The Archdiocese of Chicago plans to have all parochial schools in the Chicago-area learn about and discuss the events, Cardinal Blase Cupich told the Chicago Tribune.
“I think we need an educational piece in our parishes, in our schools, in our religious education,” he told the outlet, reasoning that, “Racism is taught.
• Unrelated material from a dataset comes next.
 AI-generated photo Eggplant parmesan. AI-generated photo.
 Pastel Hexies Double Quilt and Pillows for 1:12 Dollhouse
Nobody is born with it.”
Though the specific curriculum has yet to be established, it will be rooted in the Bible.
“It’s bringing the Gospel to this issue,” Cupich said, adding that “some of the history around this” will also likely need to be broached.
Floyd, a 46-year-old unarmed black man, was killed last week during an arrest for a non-violent crime when a white Minneapolis police officer knelt on his neck for nearly nine minutes.
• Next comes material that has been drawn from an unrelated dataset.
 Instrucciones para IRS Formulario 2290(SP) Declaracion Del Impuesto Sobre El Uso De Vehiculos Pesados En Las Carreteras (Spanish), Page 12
His death — along with the police killing of 26-year-old EMT Breonna Taylor in March and the fatal shooting of 25-year-old Ahmaud Arbery as he jogged in a Georgia neighborhood in February — spurred a new wave of Black Lives Matter protests around the globe, and calls to end police brutality.
Cupich though wants this moment to unite people rather than divide them.
“Rather than Republic and Democrat, rather than people who are different races, whether or not you’re a politician or a policeman, we all have to come together,” he said. “There’s a dysfunction in the human family, and we’ve got to deal with it.”